Markets have been trading in erratic fashion over recent days on the heels of rising Russia-Ukraine tensions. Indeed, U.S. stocks sold off late Friday and European markets, such as Germany and France, are down more than 2% this morning. We’ve also seen some signs of a flight to safety with gold prices at a multi-month high and oil prices at the highest level since 2014.
The Russo-Ukrainian crisis was one of the major geopolitical risks we discussed in our outlook coming into the year. This uncertainty, combined with ongoing investor angst surrounding the Federal Reserve (Fed) policy transition, is set to keep market volatility elevated relative to the serene environment seen over the past year.
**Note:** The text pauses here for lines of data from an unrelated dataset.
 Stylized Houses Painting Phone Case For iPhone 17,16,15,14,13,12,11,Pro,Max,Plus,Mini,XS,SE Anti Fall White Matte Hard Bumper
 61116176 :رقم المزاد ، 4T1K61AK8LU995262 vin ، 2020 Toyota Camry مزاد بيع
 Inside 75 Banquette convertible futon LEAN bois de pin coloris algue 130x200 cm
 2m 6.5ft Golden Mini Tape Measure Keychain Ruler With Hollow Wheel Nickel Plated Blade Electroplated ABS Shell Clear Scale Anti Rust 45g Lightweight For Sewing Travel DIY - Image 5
That said, while it is typical to see geopolitical events lead to short-term market weakness, historically, these types of events tend not to have a lasting impact unless they lead to recession.
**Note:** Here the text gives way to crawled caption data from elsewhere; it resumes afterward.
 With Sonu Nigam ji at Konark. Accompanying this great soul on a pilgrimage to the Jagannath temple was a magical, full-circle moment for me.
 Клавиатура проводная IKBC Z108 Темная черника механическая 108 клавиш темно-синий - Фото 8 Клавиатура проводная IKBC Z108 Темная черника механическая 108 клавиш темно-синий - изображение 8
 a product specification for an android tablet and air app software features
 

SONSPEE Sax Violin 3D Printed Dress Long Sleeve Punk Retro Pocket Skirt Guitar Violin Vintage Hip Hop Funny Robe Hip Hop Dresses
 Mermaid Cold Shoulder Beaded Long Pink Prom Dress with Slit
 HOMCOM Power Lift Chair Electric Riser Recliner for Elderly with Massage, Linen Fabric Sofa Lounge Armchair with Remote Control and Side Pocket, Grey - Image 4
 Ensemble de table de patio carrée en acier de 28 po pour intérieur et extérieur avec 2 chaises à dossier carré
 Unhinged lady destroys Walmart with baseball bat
For example, when looking at a sample of major historical geopolitical/military events, the S&P 500 was higher 12 months later in nine of the 12 events we reviewed (see table on next page). The three instances where stocks were down a year later coincided with a recession. Our view remains that U.S. recession risks remain low. Indeed, given the peak in omicron, we expect economic growth to rebound headed into the second quarter. Pent-up demand for services remains high, cash levels of consumers and businesses remain robust, and the job market remains strong.